DATA SHOWN >>
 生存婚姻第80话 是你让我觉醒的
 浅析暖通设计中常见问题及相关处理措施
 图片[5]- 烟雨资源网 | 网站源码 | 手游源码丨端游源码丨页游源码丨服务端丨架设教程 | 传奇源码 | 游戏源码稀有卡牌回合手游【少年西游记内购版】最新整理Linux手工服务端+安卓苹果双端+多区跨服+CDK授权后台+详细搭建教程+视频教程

REQUIRED WORK >> Your reply should be every line of the material, transcribed exactly.

ANSWER TO THE EXERCISE >>
 生存婚姻第80话 是你让我觉醒的
 浅析暖通设计中常见问题及相关处理措施
 图片[5]- 烟雨资源网 | 网站源码 | 手游源码丨端游源码丨页游源码丨服务端丨架设教程 | 传奇源码 | 游戏源码稀有卡牌回合手游【少年西游记内购版】最新整理Linux手工服务端+安卓苹果双端+多区跨服+CDK授权后台+详细搭建教程+视频教程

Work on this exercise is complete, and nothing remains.